- Opening Delimiter -
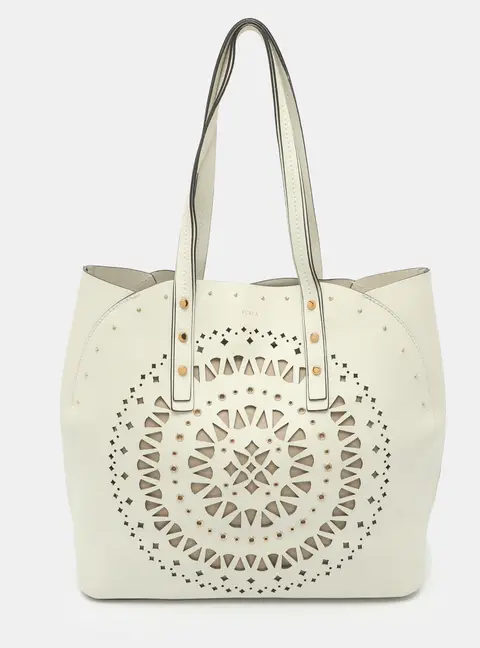 Furla Aurora White Leather Shoulder Bag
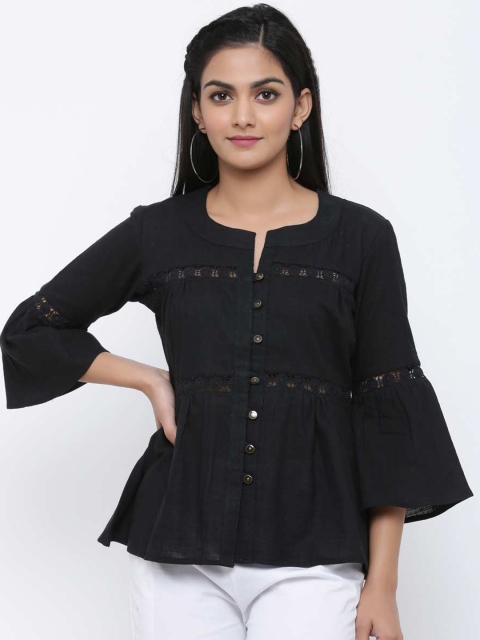 

Tistabene Black Bell Sleeves Pure Cotton A-line Top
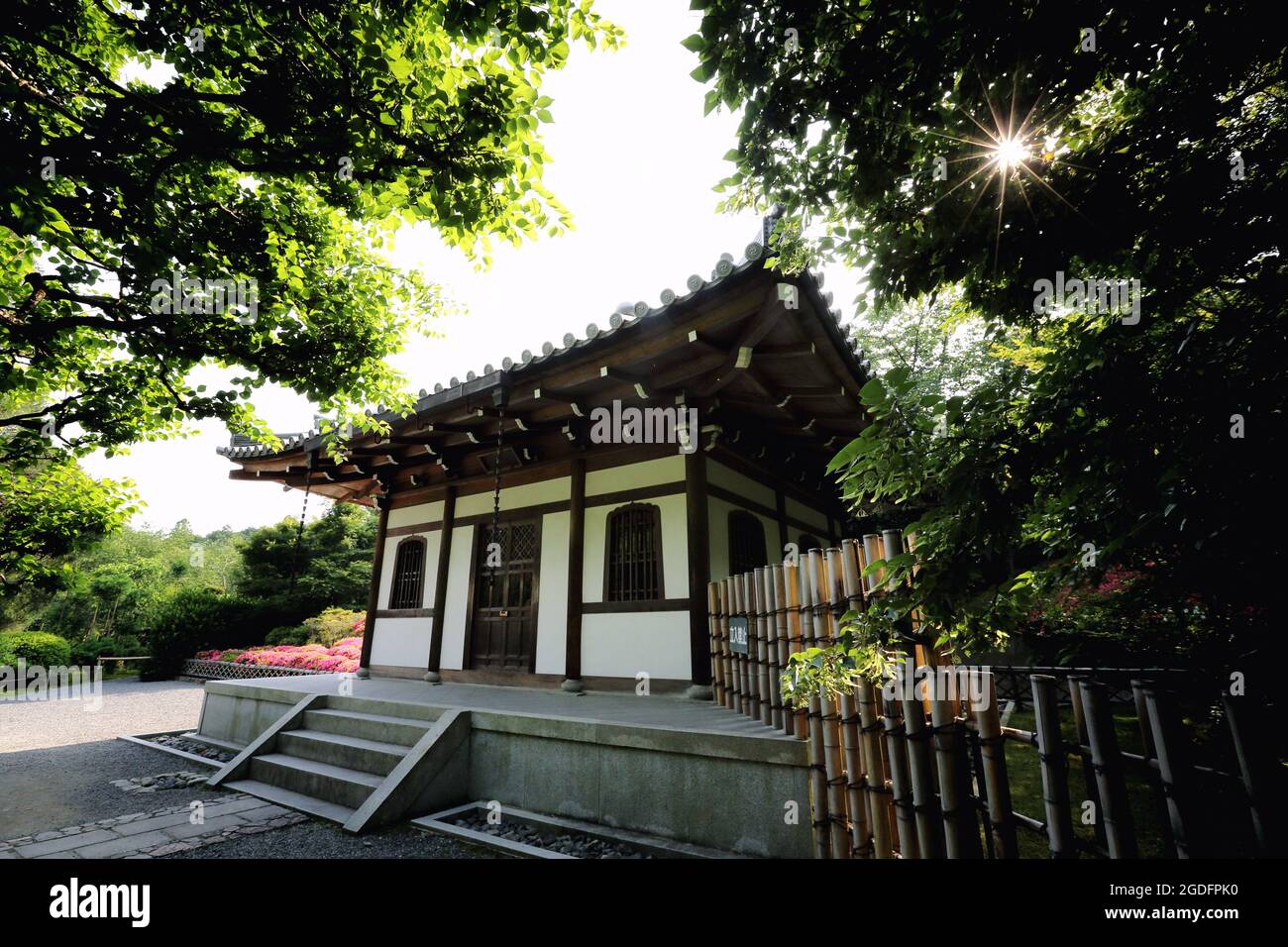 Tempio giapponese con porta rossa giapponese e foglie di acero verde a Kyoto Giappone Foto Stock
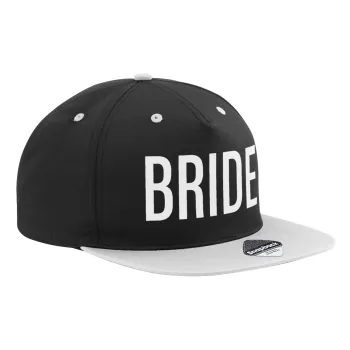 BRIDE, Καπέλο Ενηλίκων Flat Snapback Μαύρο/Γκρι, (100% ΒΑΜΒΑΚΕΡΟ TWILL, ΕΝΗΛΙΚΩΝ, UNISEX, ONE SIZE)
- Closing Delimiter -
▶ **Task to carry out**:
No picture is to be included when the lines from the one containing "Tempio giapponese con" through the end of the material above are output exactly; nothing else is written.

▶ **Answer section**:
 Tempio giapponese con porta rossa giapponese e foglie di acero verde a Kyoto Giappone Foto Stock
 BRIDE, Καπέλο Ενηλίκων Flat Snapback Μαύρο/Γκρι, (100% ΒΑΜΒΑΚΕΡΟ TWILL, ΕΝΗΛΙΚΩΝ, UNISEX, ONE SIZE)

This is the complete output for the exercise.